La plupart du temps, quand j’étais réveillé, jour ou nuit, était consacrée à la prière. Je commençais la journée avec l’Angélus, suivi d’un Notre Père et d’une Ave Maria pour chacune des sœurs tuées, et je continuais à prier pour ma Province, la Congrégation, la paroisse et la famille, en me rappelant combien de personnes et d’intentions j’ai pu et en priant pour eux. J’ai aussi prié pour mes ravisseurs, demandant au Seigneur de les pardonner et de les convertir. Je n’avais pas d’hosties ni de vin, pas de missel ou lectionnaire, mais je célébrais la messe spirituellement tous les jours. Je l’ai offert au Seigneur tous les jours, et pour les lectures, je me souvenais de quelques épisodes de l’Ancien ou du Nouveau Testament, et pour l’Évangile, un miracle, une parabole ou un épisode dans la vie de Jésus et je méditais sur eux. J’ai aussi prié pour tous les salésiens morts, ma famille, les paroissiens et toutes les personnes que je connaissais. J’ai continué à prier pour de nombreuses intentions. J’ai aussi prié pour ma libération, si elle avait été la volonté du Seigneur. J’ai souvent prié le chapelet aussi. Parfois, cependant, je ne pouvais pas prier parce qu’ils parlaient en arabe et je ne pouvais me concentrer sur rien dans mon esprit.
Comment ont été effectués les tournages des vidéos ?
Tout était bien conçu. Ils m’avaient dit d’avance qu’ils auraient fait un appel vidéo pour obtenir une rançon, je ne pouvais faire que les obéir. Ils ont trébuché et ont fait des bruits comme s’ils me frappaient, mais jamais ils m’ont fait du mal. Ils espéraient que ces vidéos conduiraient rapidement au paiement de la rançon.
Comment vous sentez-vous maintenant que vous avez été libéré ?
Le Seigneur m’a fait un grand miracle et m’a donné une autre vie. S’il m’a sauvé, cela signifie qu’il a encore un plan pour moi et qu’il veut que je sois en vie pour Lui et que je sois un témoin. Je veux remercier le Dieu tout-puissant, les autorités de l’Église en Inde et le Vatican, la Congrégation salésienne, ma famille et toutes les personnes qui ont prié pour ma libération. Certes, c’est grâce aux prières que ma vie a été épargnée.

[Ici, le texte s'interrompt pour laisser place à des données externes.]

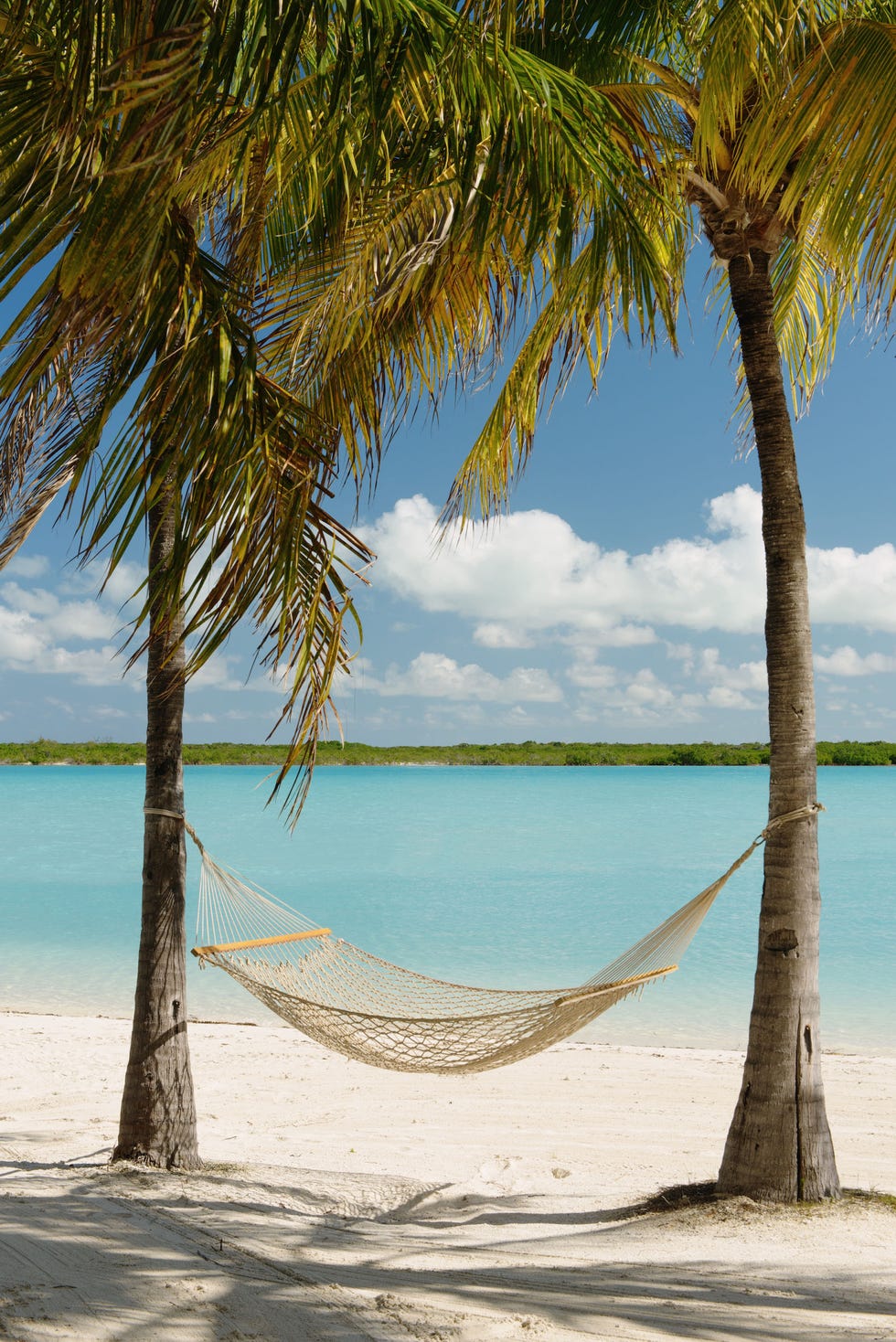 hammock at beach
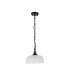 DeRuyter 27cm Flush/Single Pendant 1 Light Adjustable E27 Satin Black/Frosted Glass-5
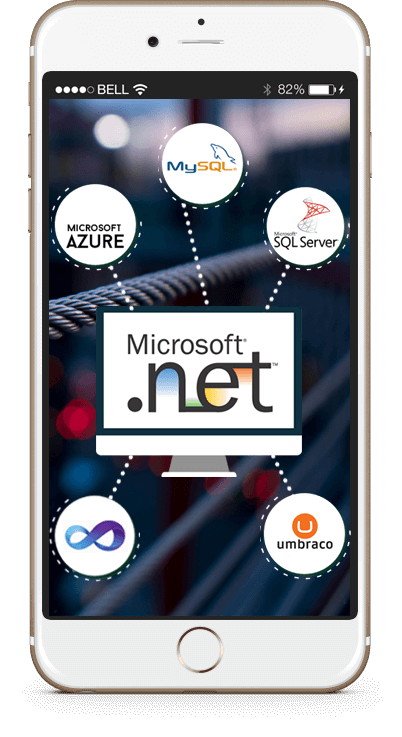 Custom .net Development Company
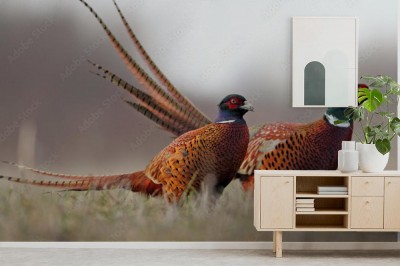 Fototapeta Bażanty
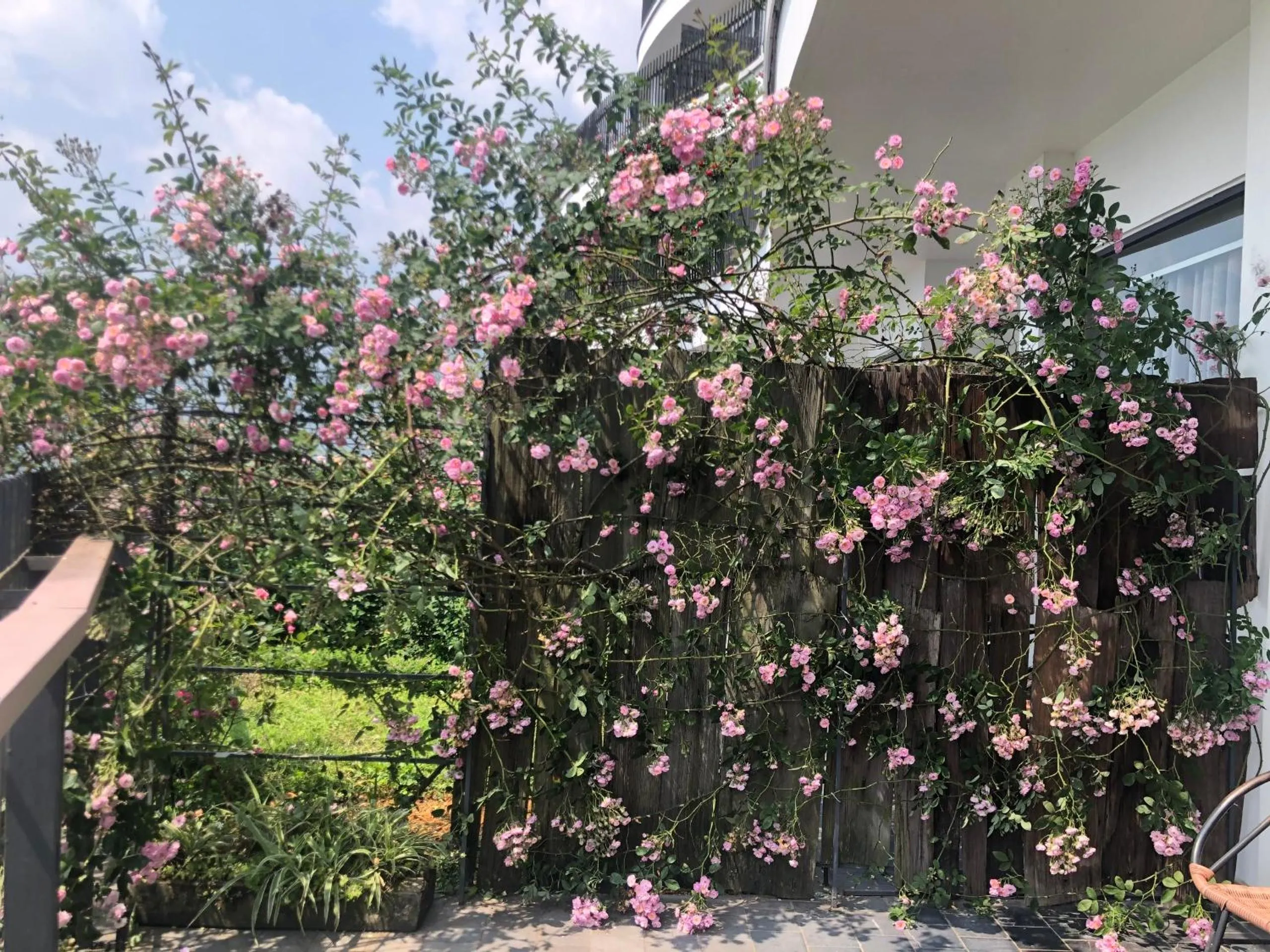 Balcony/Terrace in Pao's Sapa Leisure Hotel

Comment vous sentez-vous après avoir rencontré le Saint-Père ?
C’est une autre grande grâce qui m’a été accordée à cause de mon emprisonnement. J’ai pleuré profondément devant lui, j’ai partagé mon expérience avec lui. Il était si empathique, compatissant et préoccupé par moi et il a embrassé deux fois mes mains. Je n’aurais rien attendu de cela, j’ai eu une nouvelle vie et j’ai demandé au Saint-Père de remercier tous les gens pour les prières offertes en ma faveur dans le monde entier.
Quels sont vos prochains projets ? Voulez-vous revenir en Inde maintenant ?

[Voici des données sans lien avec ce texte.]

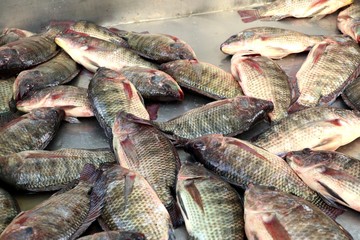 fresh fish in the market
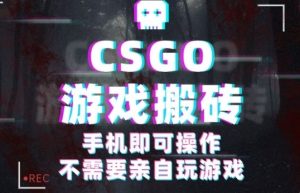 CSGO游戏挂G捡漏,单日扫货5张+,年底小高峰上车可吃肉,手机即可操作,兼职副业创业网创【揭秘】-宝藏屋创业网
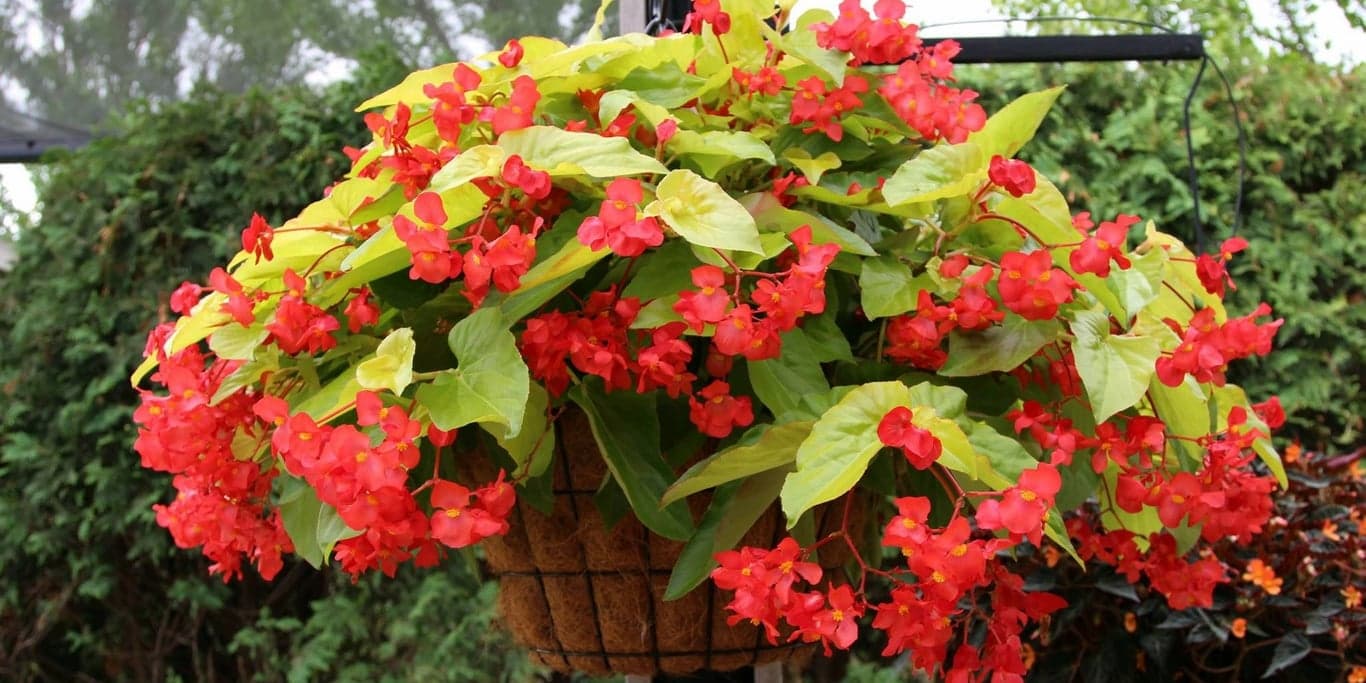 Image for Groovy Plants Ranch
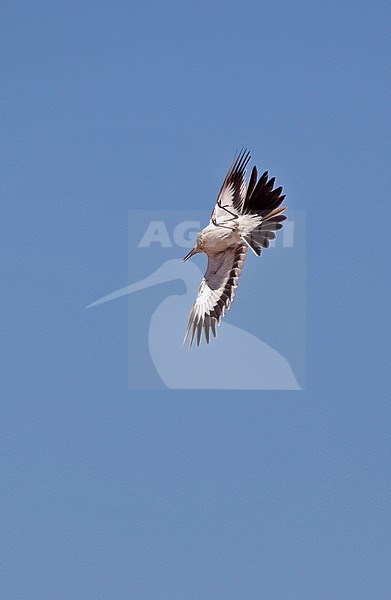 Adult male Greater Hoopoe-lark (Alaemon alaudipes alaudipes) in display flight over the north african desert of Morocco. Banking in mid air. stock-image by Agami/Andy & Gill Swash ,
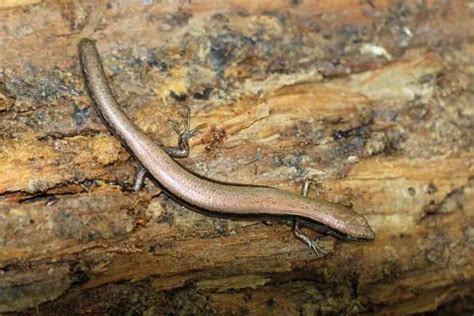 13 Skinks in Florida (With Pictures) - Wildlife Informer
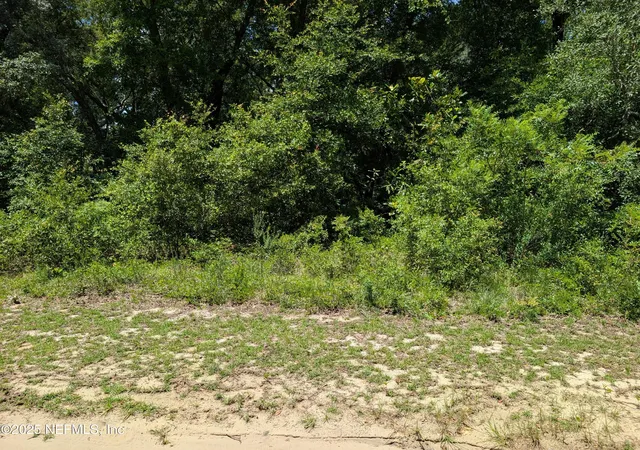 Photo 3 of Land for sale at 0 1550 Pine Rd, Interlachen, FL 32148 | MLS# 2099257 | Listing updated on 2026-07-27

À l’heure actuelle, je me sens physiquement faible, mais avec les médicaments et la nourriture, je commence à me sentir mieux. Je dois faire des examens médicaux et j’espère revenir bientôt. Quand j’étais à Aden, j’ai pesé 82 kg, lorsque j’ai été pesé après ma sortie, j’ai atteint 55 kg. Maintenant, je reprends. Je suis sûr que j’irais bien, parce que la grâce de Dieu et les prières de tant de personnes m’aident.

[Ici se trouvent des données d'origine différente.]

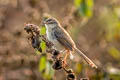 Plain Prinia Prinia inornata herberti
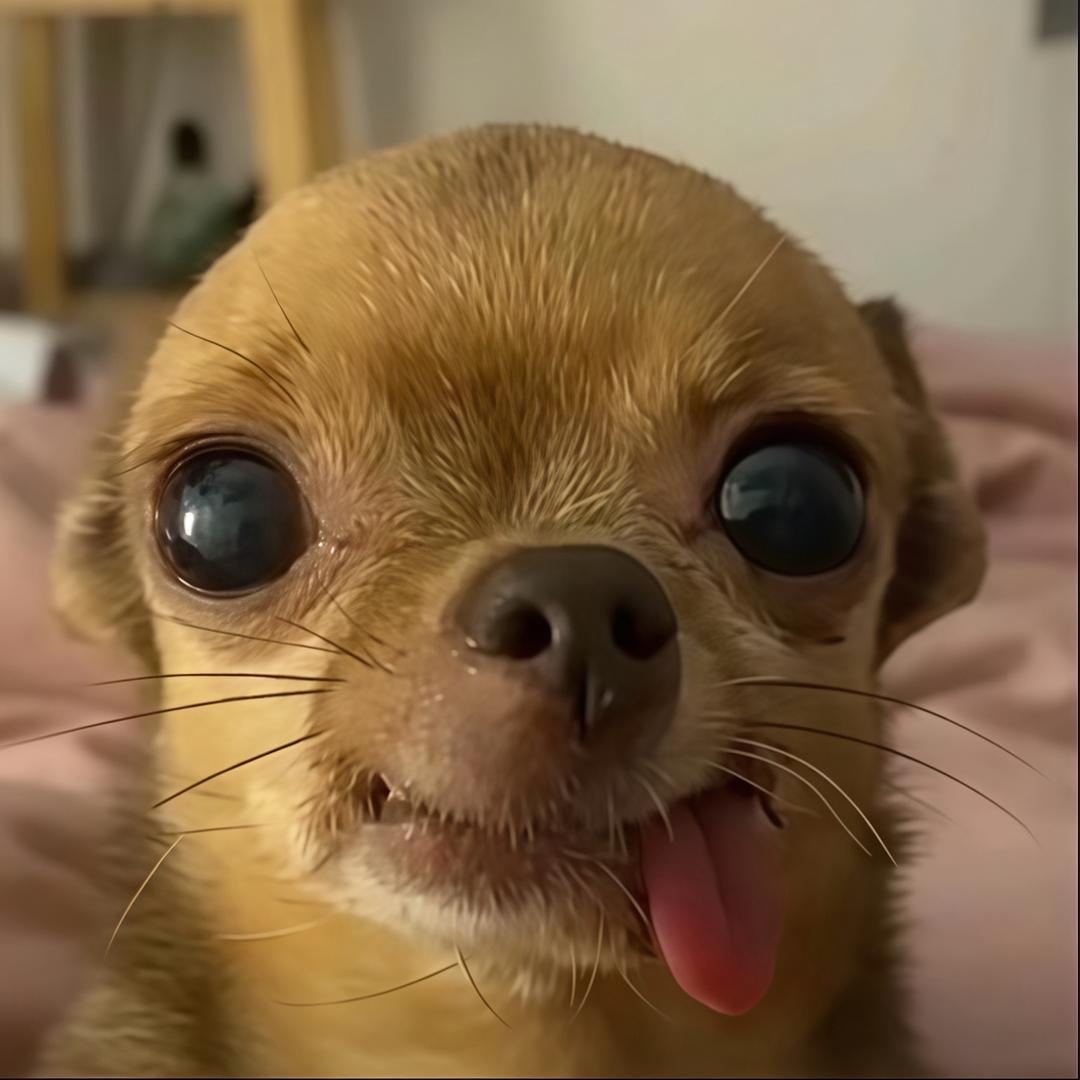 小鱼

Pour l’avenir, je n’ai d’autres projets que de faire la volonté de Dieu, qui sera exprimée à travers mes Supérieurs dans la Congrégation Salésienne. Certainement je voudrais revenir en Inde et remercier tous et rencontrer tous mes gens, mais j’attendrai que les médecins disent que je peux voyager. Cela peut prendre du temps et je suis prêt à attendre encore un peu.